Flinchbaugh v. Cornwall-Lebanon Suburban Joint School Authority

Dissenting Opinion by

Mr. Justice Pomeroy:

Cora Flinchbaugh, plaintiff-appellant herein, was allegedly injured on October 19, 1966, when she fell after stepping into an open space on the payed grounds of a nearly-completed school building, sustaining personal injuries. The school was under construction by the Cornwall-Lebanon Suburban Joint School Authority (Authority) for the use of the Cornwall-Lebanon School District (District). Appellant and other persons were present on the school grounds that evening pursuant to an invitation extended to the general public by the Authority or the District. Suit to recover damages for the injuries allegedly sustained was instituted by appellants against the general contractor, the heating contractor, the Authority and the District.
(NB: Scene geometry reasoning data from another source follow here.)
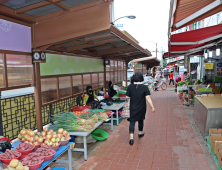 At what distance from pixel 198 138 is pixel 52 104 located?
437 cm

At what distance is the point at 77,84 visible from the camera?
6.65 metres

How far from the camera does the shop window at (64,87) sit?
560cm

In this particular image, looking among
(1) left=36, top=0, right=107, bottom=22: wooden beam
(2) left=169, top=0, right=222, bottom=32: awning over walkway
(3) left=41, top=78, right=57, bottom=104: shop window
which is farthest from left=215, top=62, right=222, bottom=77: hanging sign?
(3) left=41, top=78, right=57, bottom=104: shop window

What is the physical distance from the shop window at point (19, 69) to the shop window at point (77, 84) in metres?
2.26

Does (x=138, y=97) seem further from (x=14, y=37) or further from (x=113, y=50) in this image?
(x=113, y=50)

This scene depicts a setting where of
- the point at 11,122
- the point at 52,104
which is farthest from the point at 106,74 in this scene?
the point at 11,122

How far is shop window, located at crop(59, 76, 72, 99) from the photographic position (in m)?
5.60

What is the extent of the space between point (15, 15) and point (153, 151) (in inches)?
173

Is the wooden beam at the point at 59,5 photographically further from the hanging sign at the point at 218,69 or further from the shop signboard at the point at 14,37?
the hanging sign at the point at 218,69

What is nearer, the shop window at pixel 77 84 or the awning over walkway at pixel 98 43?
the awning over walkway at pixel 98 43

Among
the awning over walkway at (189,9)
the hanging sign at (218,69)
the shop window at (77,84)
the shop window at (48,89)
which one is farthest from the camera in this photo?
the hanging sign at (218,69)

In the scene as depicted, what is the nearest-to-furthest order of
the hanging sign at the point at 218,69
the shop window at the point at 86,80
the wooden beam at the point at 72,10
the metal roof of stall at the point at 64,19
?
the metal roof of stall at the point at 64,19, the wooden beam at the point at 72,10, the shop window at the point at 86,80, the hanging sign at the point at 218,69

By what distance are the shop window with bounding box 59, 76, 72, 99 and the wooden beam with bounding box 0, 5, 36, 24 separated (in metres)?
1.98

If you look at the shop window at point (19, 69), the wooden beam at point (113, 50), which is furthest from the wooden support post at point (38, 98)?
the wooden beam at point (113, 50) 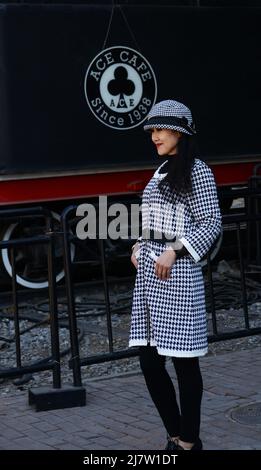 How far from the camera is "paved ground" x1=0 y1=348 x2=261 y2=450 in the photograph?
5.07m

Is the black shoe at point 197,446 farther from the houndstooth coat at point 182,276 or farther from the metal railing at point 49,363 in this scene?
the metal railing at point 49,363

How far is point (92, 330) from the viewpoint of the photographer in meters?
8.07

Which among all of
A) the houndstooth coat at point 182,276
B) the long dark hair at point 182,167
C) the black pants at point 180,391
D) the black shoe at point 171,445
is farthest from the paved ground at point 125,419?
the long dark hair at point 182,167

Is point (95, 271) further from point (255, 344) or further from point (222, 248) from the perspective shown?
point (255, 344)

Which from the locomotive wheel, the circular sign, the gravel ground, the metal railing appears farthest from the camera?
the locomotive wheel

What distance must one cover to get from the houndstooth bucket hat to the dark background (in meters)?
4.82

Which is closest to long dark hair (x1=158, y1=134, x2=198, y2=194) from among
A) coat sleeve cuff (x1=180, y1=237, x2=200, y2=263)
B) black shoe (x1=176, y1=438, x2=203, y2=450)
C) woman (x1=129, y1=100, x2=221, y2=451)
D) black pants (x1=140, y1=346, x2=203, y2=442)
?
woman (x1=129, y1=100, x2=221, y2=451)

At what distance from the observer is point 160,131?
15.0ft

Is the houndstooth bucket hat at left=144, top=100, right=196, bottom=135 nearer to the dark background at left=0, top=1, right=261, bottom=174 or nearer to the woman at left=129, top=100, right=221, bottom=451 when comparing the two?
the woman at left=129, top=100, right=221, bottom=451

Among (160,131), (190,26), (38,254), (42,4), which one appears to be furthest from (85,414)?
(190,26)

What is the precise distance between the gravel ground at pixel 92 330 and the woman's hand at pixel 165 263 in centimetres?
212

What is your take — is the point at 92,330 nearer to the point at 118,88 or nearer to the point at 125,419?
the point at 125,419

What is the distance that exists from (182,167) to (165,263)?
47 centimetres

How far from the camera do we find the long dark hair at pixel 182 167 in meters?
4.50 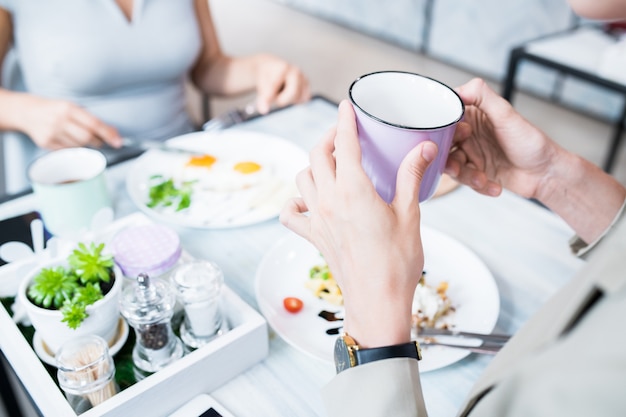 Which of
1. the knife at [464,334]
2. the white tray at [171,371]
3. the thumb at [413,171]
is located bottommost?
the knife at [464,334]

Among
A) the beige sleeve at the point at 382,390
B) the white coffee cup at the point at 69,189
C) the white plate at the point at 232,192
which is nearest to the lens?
the beige sleeve at the point at 382,390

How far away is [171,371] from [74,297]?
162 mm

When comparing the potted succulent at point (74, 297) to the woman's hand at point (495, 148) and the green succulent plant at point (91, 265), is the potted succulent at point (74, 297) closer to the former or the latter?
the green succulent plant at point (91, 265)

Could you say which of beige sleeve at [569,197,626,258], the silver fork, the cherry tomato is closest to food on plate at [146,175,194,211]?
the silver fork

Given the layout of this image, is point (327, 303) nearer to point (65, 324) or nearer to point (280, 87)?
point (65, 324)

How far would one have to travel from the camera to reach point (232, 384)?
774mm

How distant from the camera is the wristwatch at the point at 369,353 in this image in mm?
615

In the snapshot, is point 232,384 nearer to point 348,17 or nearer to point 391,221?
point 391,221

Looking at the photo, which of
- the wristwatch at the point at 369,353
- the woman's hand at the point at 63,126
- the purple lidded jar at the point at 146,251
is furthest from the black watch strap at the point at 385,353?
the woman's hand at the point at 63,126

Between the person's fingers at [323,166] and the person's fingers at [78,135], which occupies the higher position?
the person's fingers at [323,166]

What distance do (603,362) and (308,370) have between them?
462 millimetres

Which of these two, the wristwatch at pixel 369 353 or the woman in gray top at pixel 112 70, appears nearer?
the wristwatch at pixel 369 353

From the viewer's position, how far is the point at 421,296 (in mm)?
850

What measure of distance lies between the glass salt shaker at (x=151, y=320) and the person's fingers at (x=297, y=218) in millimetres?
186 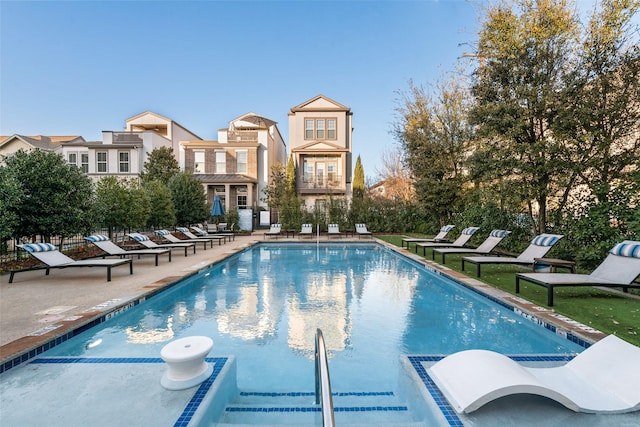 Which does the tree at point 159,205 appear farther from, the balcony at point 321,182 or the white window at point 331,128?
the white window at point 331,128

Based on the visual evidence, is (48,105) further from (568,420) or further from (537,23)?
(568,420)

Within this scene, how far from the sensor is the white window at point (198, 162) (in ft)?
81.1

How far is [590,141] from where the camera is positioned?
798cm

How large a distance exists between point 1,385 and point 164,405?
5.40 ft

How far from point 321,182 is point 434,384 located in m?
21.7

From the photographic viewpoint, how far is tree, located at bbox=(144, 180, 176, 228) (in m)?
13.6

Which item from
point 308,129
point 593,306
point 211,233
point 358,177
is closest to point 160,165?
point 211,233

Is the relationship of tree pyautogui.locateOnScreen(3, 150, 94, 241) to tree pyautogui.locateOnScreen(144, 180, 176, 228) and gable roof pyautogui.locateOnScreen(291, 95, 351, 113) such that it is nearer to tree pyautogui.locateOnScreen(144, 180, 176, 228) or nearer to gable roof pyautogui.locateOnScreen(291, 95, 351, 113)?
tree pyautogui.locateOnScreen(144, 180, 176, 228)

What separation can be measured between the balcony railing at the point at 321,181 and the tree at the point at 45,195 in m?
16.1

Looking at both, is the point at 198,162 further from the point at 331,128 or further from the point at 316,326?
the point at 316,326

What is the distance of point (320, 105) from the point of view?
24.0 m

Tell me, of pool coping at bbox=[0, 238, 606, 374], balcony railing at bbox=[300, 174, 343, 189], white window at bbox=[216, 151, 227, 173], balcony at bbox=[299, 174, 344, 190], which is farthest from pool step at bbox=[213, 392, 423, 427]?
white window at bbox=[216, 151, 227, 173]

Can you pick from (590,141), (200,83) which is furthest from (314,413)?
(200,83)

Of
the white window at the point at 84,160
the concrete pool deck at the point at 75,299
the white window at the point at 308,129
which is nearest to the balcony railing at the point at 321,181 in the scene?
the white window at the point at 308,129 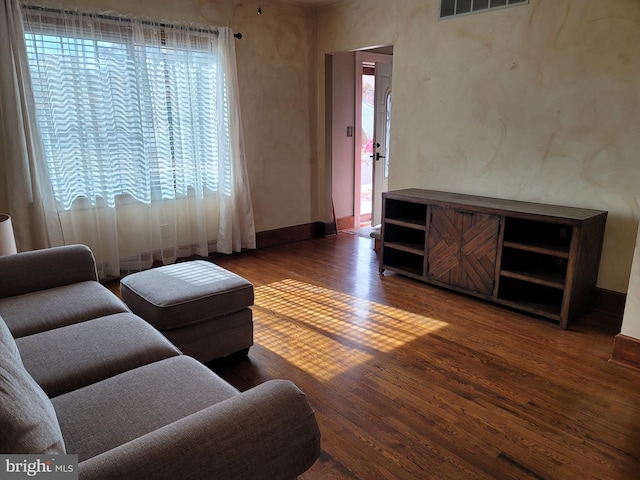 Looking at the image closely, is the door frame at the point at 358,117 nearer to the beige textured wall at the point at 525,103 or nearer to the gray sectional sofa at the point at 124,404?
the beige textured wall at the point at 525,103

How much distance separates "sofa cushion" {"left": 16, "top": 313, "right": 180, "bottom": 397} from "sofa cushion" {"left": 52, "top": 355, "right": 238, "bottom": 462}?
0.09 meters

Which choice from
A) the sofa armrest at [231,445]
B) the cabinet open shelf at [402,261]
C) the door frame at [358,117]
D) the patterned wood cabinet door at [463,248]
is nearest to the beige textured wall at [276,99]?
the door frame at [358,117]

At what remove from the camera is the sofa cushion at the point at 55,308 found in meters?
1.96

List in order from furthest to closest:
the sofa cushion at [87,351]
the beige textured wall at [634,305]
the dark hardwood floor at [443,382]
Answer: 1. the beige textured wall at [634,305]
2. the dark hardwood floor at [443,382]
3. the sofa cushion at [87,351]

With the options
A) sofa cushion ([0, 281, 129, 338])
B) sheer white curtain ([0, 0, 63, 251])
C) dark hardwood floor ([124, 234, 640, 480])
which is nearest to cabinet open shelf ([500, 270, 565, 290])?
dark hardwood floor ([124, 234, 640, 480])

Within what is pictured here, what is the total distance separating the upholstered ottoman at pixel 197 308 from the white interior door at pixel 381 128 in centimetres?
331

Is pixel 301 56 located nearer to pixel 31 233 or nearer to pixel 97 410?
pixel 31 233

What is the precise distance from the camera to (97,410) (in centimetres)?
135

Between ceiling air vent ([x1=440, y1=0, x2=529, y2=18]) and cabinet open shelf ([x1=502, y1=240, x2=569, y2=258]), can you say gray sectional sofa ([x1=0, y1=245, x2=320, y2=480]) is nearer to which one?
cabinet open shelf ([x1=502, y1=240, x2=569, y2=258])

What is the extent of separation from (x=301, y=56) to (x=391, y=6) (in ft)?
3.73

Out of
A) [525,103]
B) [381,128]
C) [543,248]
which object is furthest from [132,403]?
[381,128]

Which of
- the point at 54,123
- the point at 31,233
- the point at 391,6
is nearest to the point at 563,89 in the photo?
the point at 391,6

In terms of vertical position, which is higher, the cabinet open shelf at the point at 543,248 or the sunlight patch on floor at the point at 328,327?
the cabinet open shelf at the point at 543,248

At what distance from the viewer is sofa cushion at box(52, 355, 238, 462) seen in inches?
49.0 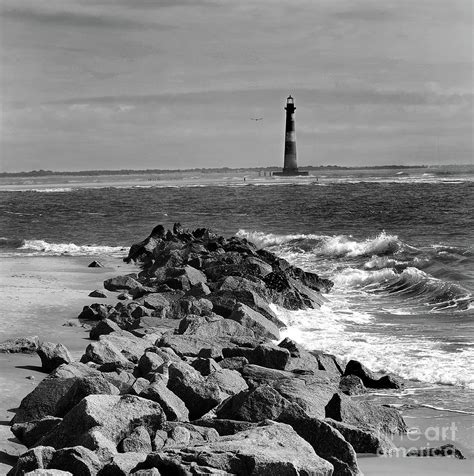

The Authority and District filed preliminary objections in the nature of a demurrer, asserting that they were immune from any tort liability under the facts averred. The court below sustained those preliminary objections, and the propriety of this order is presented to this Court by the appeal.1

*410If the injuries complained of were sustained in the course of the exercise of a proprietary function, as distinguished from a governmental function, by the governmental bodies involved, there would be no doubt that appellants had stated a cause of action. Morris v. Mt. Lebanon Twp. School District, 393 Pa. 633, 144 A. 2d 737 (1958). Mr. Justice Roberts takes this approach in his dissenting opinion. My study of the legislation under which the Authority2 and the District3 were respectively acting, and this Court’s earlier decisions on the subject,4 leads me to the opposite conclusion as to the nature of the activity. That is, although inviting the public to and holding an open house is not literally one of the legislatively-delegated powers in the case of the Authority or, in the case of the District, a function it was legislatively required to perform, I am compelled to the conclusion that what was done here—opening a new school to the general public for viewing and inspection—was governmental in nature.

This conclusion, of course, brings the plaintiffs-appellants up against the court-created rule which holds a governmental unit immune from liability in tort for injuries growing out of a governmental function or ac*411tivity. For tbe reasons stated in my dissenting opinion in Laughner v. Allegheny County, 436 Pa. 572, 576, 261 A. 2d 607, 609 (1970), I believe that the rule of immunity is an unsound rule of law and should be modified by the Court. Accordingly, I dissent; I would overrule the order sustaining the defendants’ preliminary objections and remand the case for further proceedings.

Although the lower court order did not formally dismiss appellants’ complaint or otherwise terminate their action against the *410Authority and the District, the order nevertheless effectively puts the plaintiffs out of court and is, therefore, final and appealable. In its action affirming the order of the lower court rather than quashing the appeal as requested by appellees, the majority implicitly concludes that the order was final.

Municipality Authorities Act of 1945, Act of May 2, 1945, as amended, P. B. 382, §4, 53 P.S. §306A (Supp. 1969).

Act of March 10, 1949, P. L. 30, art. VII, §775, as amended, 24 P.S. §7-775.

Shields v. Pittsburgh School District, 408 Pa. 388, 184 A. 2d 240 (1962) ; Morris v. Mt. Lebanon Twp. School District, supra; Hill v. Allentown Housing Authority, 373 Pa. 92, 95 A. 2d 519 (1953); and Kennedy v. Gamble & Gamble Construction Co., 26 Pa. D. & O. 2d 530 (C. P. Butler Co. 1961).